Welche Aufgaben hat die philosophische Erkenntnistheorie?
Welche Fragen werden von ihr gestellt (bzw. sollten
gestellt werden)? Mit welchen Methoden werden sie beantwortet (bzw. sollten sie
beantwortet werden)? Was für Konsequenzen ergeben sich aus ihren Ergebnissen?

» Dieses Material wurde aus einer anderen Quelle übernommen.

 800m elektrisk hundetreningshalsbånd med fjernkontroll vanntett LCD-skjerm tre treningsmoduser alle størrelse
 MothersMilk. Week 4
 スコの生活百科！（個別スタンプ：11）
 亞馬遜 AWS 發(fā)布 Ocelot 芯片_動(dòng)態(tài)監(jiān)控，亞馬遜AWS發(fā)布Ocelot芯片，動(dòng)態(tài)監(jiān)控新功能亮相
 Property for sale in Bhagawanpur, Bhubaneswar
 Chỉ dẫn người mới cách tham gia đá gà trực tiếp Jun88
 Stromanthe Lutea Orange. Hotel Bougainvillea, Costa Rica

Erkenntnistheorie ist vom Namen her erstmal eine Theorie
über die Erkenntnis.
Was ist aber mit "Erkenntnis" gemeint? Die Tätigkeit des
Erkennens? Oder die gefundenen Ergebnisse? Sind nur die richtigen Ergebnisse "Erkenntnis"? Welcher Art sind die Erkenntnisse? Ist z. B. die Beantwortung einer
moralischen Frage auch eine Erkenntnis?
Wenn als zu erkennende Objekte nur tatsächlich existierende
Sachverhalte in Frage kommen, dann hat man bereits eine wichtige Vorentscheidung
getroffen. "Erkenntnis" kann es dann nur über die tatsächliche Beschaffenheit
der Welt geben.
Demnach würden Wissenschaften wie Mathematik, Logik,
normative Ethik, allgemeine Systemtheorie, Kybernetik oder die Theorien, die
ideale Modelle untersuchen, keine Erkenntnisse liefern, denn ihre Resultate sind
keine Aussagen über die Beschaffenheit der Welt - und Adam und Eva haben im
Paradies nicht vom "Baum der Erkenntnis" des Guten und des Bösen
gegessen.
Ist mit "Theorie" jede Art von Theorie gemeint? Wie grenzt
sich dann die philosophische Erkenntnistheorie von psychologischen Theorien über
Wahrnehmung, Denken und Erkennen ab? Stellt sie andere Fragen? Bedient sie sich
anderer Forschungsmethoden?
Ich definiere die Tätigkeit des Erkennens vorläufig als
"das Bemühen um die richtige Beantwortung von (bisher offenen) Fragen".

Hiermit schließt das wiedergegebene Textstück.